L’obiezione gramsciana, che a molti verrà automaticamente, circa il fatto che lo Stato sarà controllato a sua volta dalla “società civile organizzata”, altro non è che un sotterfugio molto disonesto, perché basta aver letto Gramsci per sapere che tale “società civile organizzata” non è che la struttura del Partito, l’avanguardia propriamente detta, che, rimanendo legalmente distinta dallo Stato, sarà integrata con essa nella struttura maggiore che l’ideologo italiano chiama “Stato ampliato” — un’espressione il cui senso minaccioso e tenebroso può essere percepito a prima vista da chi comprenda ciò che legge, cosa che purtroppo non è generalmente della militanza di sinistra, anche quella universitaria.
Inoltre, non è intellettualmente rispettabile, neppure come fantasia passeggera, la convinzione che le conseguenze logiche dell’applicazione dell’idea socialista, tali come abbiamo appena finito di descrivere, non furono mai nelle intenzioni” della militanza, ispirata sempre da ideali elevati di giustizia e bontà.
Il termine “intenzione”, nel caso specifico, designa il valore (morale, politico, giuridico, religioso che sia) che la mente socialista associa all’idea o al concetto da realizzare. Ma chiunque comprenda l’idea socialista percepisce, nell’atto, la contraddizione insolubile tra questa idea e il valore ad essa associato. Se il socialismo è ciò che è, non può valere ciò che dicono che valga.
Ora, coltivare un’ “intenzione” soggettiva che a priori già è smentita dal semplice concetto che tale intenzione vuole realizzare, è uno stato psichico di scissione schizofrenica, che un uomo non può coltivare per molto tempo senza essere portato ad una successione di crisi insolubili.
Per esempio, un soggetto che si sposi alimentando allo stesso tempo l’ intenzione” di conservare la libertà sessuale di un giovane celibe, o che contragga molti debiti con l’ “intenzione” di conservare intatto il suo conto in banca nel decorrere dei mesi, lo trascinerà verso un finale tragico. Egli dirà che questo risultato non era nelle sue “intenzioni”, ma nessuna persona adulta ha il diritto di camuffare indefinitivamente l’assurdità intrinseca dei suoi atti con una vernice di buone intenzioni.
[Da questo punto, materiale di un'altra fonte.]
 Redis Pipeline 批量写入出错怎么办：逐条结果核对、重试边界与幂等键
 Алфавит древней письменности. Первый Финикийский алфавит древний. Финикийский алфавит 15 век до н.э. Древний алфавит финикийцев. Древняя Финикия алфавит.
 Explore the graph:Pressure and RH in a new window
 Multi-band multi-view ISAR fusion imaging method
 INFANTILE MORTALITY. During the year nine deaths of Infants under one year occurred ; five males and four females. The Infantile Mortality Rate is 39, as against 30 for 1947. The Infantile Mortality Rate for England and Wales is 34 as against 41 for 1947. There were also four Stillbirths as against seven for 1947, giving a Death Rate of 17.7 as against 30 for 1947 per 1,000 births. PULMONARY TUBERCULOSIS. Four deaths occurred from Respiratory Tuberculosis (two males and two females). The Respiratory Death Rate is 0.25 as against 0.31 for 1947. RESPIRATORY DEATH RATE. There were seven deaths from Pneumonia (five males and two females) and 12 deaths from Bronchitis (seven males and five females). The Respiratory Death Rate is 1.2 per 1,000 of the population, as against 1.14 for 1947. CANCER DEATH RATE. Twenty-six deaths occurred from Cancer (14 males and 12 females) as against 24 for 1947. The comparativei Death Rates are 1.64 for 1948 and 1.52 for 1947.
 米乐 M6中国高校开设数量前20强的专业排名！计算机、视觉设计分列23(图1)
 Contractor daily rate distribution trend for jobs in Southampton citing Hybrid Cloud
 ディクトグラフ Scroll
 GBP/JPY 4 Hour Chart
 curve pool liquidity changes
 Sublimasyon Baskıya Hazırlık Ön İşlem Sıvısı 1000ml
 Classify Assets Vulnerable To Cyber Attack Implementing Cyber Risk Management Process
Di più, così come qualsiasi menzogna esistenziale fondamentale, essa prolifera inevitabilmente in una infinità di menzogne strumentali necessarie alla sua traduzione in atti, in breve, tutto il campo mentale sarà ripieno di menzogne che egli già non potrà più riconoscere come tali senza una dolorosa e umiliante presa di coscienza. E da ciò egli si sottrarrà fintanto ce sarà possibile, mediante la produzione di un terzo, quarto, e quinto strato di sotterfugi e razionalizzazioni, e così via fino alla completa frammentazione della psiche e alla perdita di dignità dell’intelligenza umana.
Questa è stata la storia del socialismo. » solo questo che spiega la facilità con la quale, da un lascito mostruoso di terrore e miserie, superiore in numero di vittime alla produzione sommata di due guerre mondiali, l’anima socialista può cogliere come il più bel fiore morale la mitologia rinnovata delle intenzioni”, e ancora avere l’ineguagliabile faccia di bronzo di denunciare l’ “irrazionalità del capitalismo”.